3-1-03, 11:45 a.m.
3-1-03, 4 p.m.
BY GEOFF HOBSON
Carl Powell is the first free-agent to join the Marvin Lewis Bengals and why not? The man who very well could be the Opening Day left defensive end is just the kind of guy Lewis wants for his blue-collar blueprint to turn around a franchise.
Powell isn't a big-name guy from a big-name school who has more signing bonuses than tackles and has his mail forwarded each February to the Pro Bowl. He's advertised as all-out, high-motor, athletic, tough, smart, and has overcome the adversity of injuries and the waiver wire. A role player for a coach who wants 11 role players for a defense where no one is going to wander off on his own.
"I feel real comfortable with Marvin. It's an honor to go play in 'The Jungle,'" Powell said Saturday after agreeing to a two-year deal. "I know Marvin is going to do special things there. He's looking for guys that are accountable and who know what their role is in the scheme. When you play with confidence, you make plays you might not normally make."

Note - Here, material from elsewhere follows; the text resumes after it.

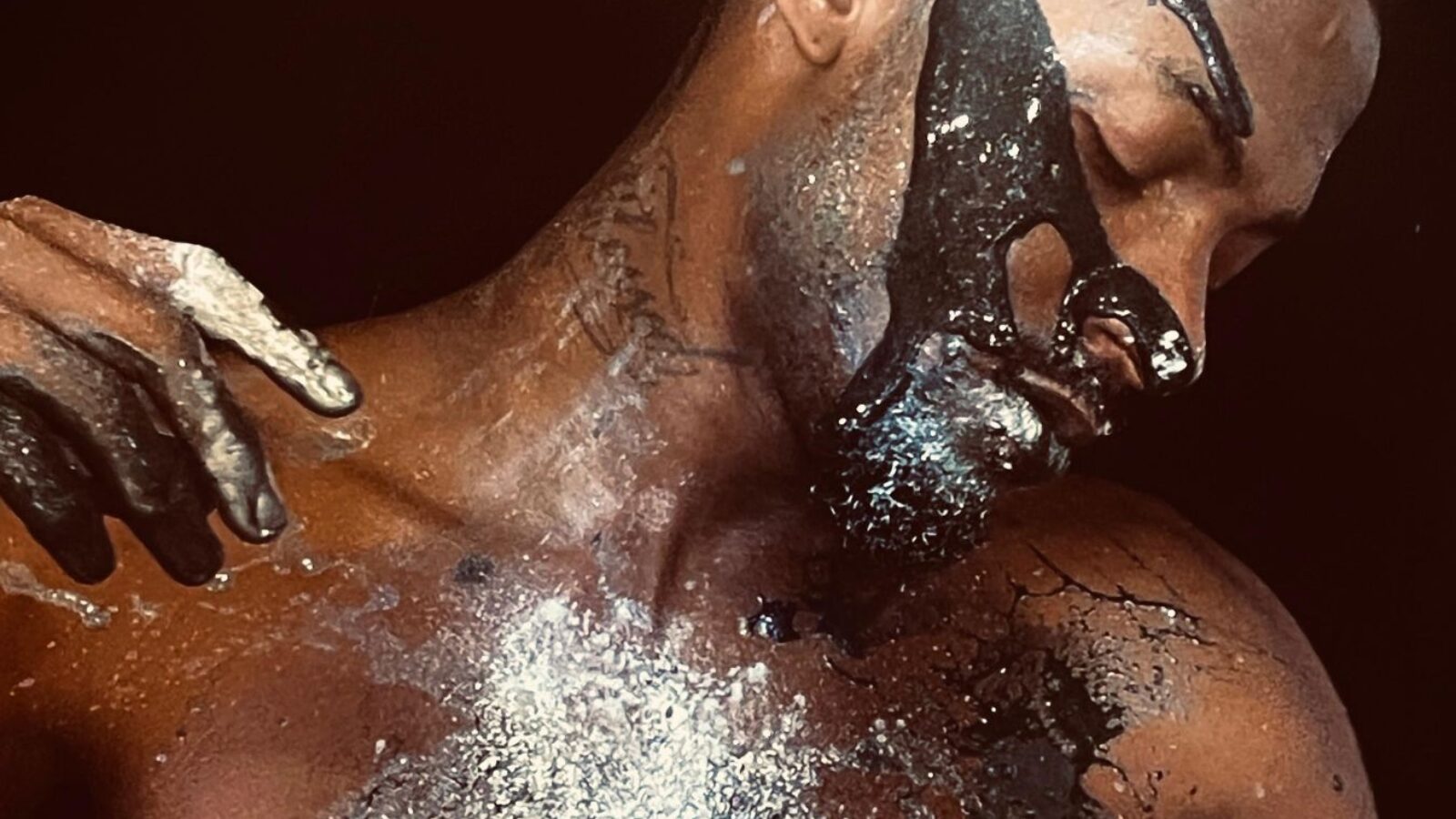 A man with dark skin streaked with shiny silver paint, shown from the showers up.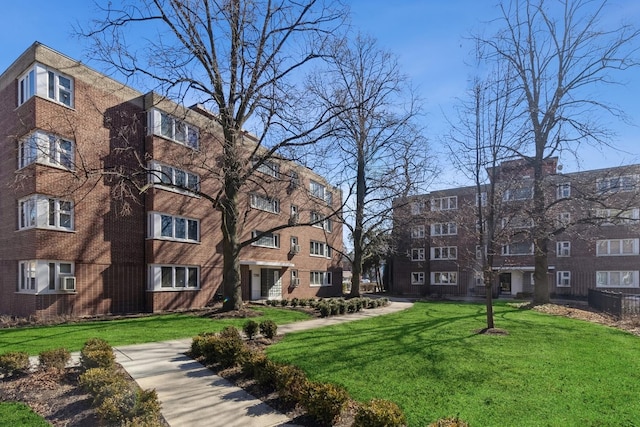 view of property's community with a yard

The Bengals, waiting on the paperwork, didn't comment on the signing, but it was confirmed by agent Jerrold Colton and Powell. The logistics were complicated because Powell is spending the weekend in Las Vegas.

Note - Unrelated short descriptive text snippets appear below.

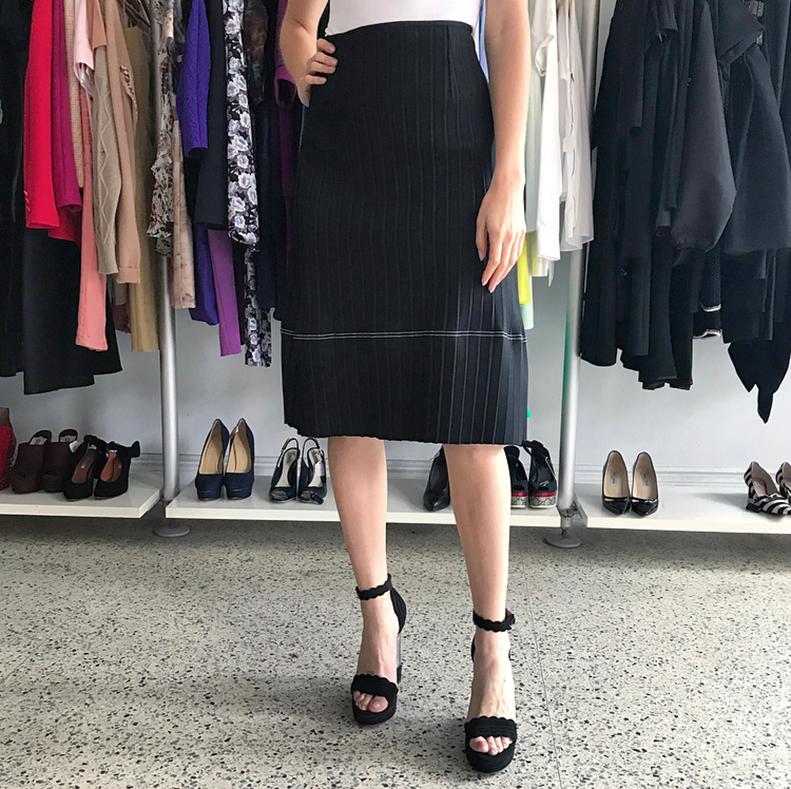 Celine Black Flat Pleat A-Line skirt.  Original retail price-tag of $2750 from Saks Fifth Avenue attached.  Knit plisse vertical pleats,  below knee length,  white top stitch accent.  Marked size M.  To fit USA 6/8.  Garment measures 31” at waist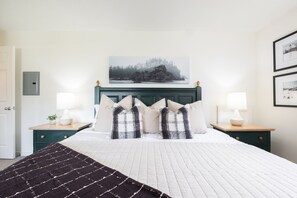 Ein Schlafzimmer mit einem Bett, zwei Nachttischen, einem Kopfteil, einem Wandbild und einer Tür.
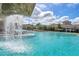Inviting resort-style pool and waterfall, adjacent to clubhouse at 17825 Gawthrop Dr # 103, Bradenton, FL 34211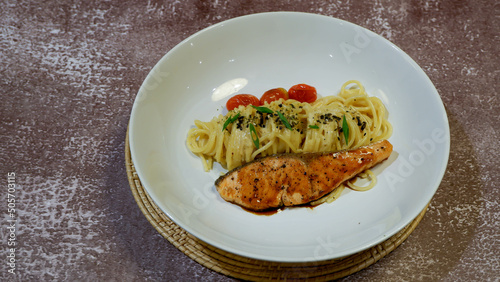 A salmon stack with spagehetti background photo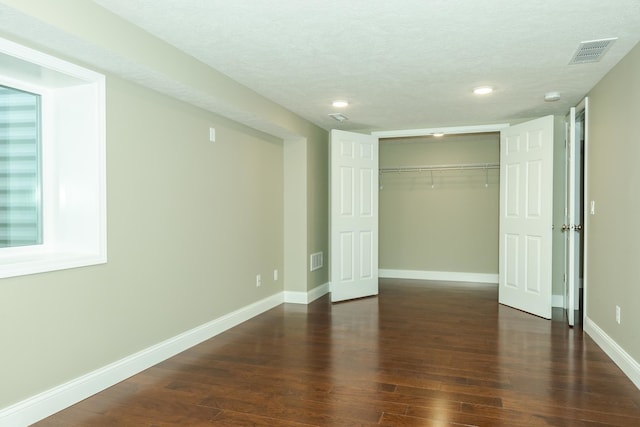 unfurnished bedroom featuring a textured ceiling, hardwood / wood-style flooring, and a closet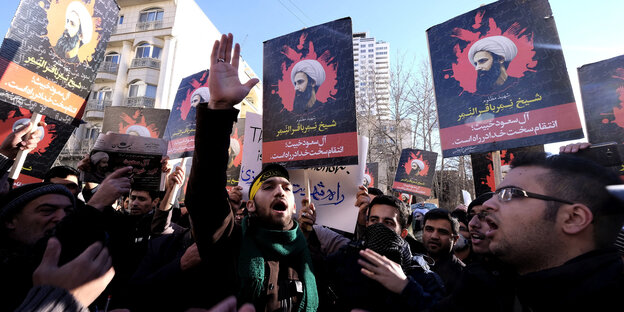 Iranische Männer protestieren mit Fotos des in Saudi-Arabien hingerichteten Scheichs Nimr al-Nimr
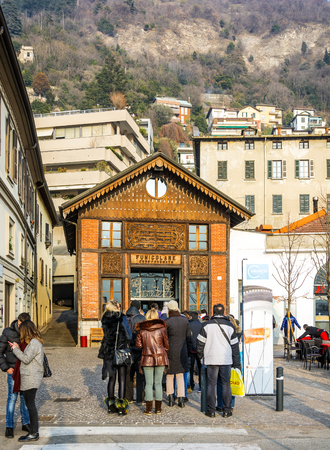 Como, Italy, January 1st 2016: Tourists waiting in queue at the Como funicular transport system stationのeditorial素材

Powell, 29, has been told he'll have a spin at the left end spot that has been manned by the injury-plagued Vaughn Booker. It looks to be a forerunner of revamping the front line and possibly the front seven financially and athletically. On Saturday, word in the agent community is that linebacker Takeo Spikes is headed to Buffalo Monday for his first recruiting visit.
With the 35-year-old Booker missing more games than he played last season, the Bengals look to be making a financial trade. It's believed Powell got $500,000 up front in a deal that totals about $1.8 million. Booker is scheduled to make $2 million this year, but if they cut him they'll save about $800,000 on the cap, more money to put into a big-name tackle, possibly Sam Adams.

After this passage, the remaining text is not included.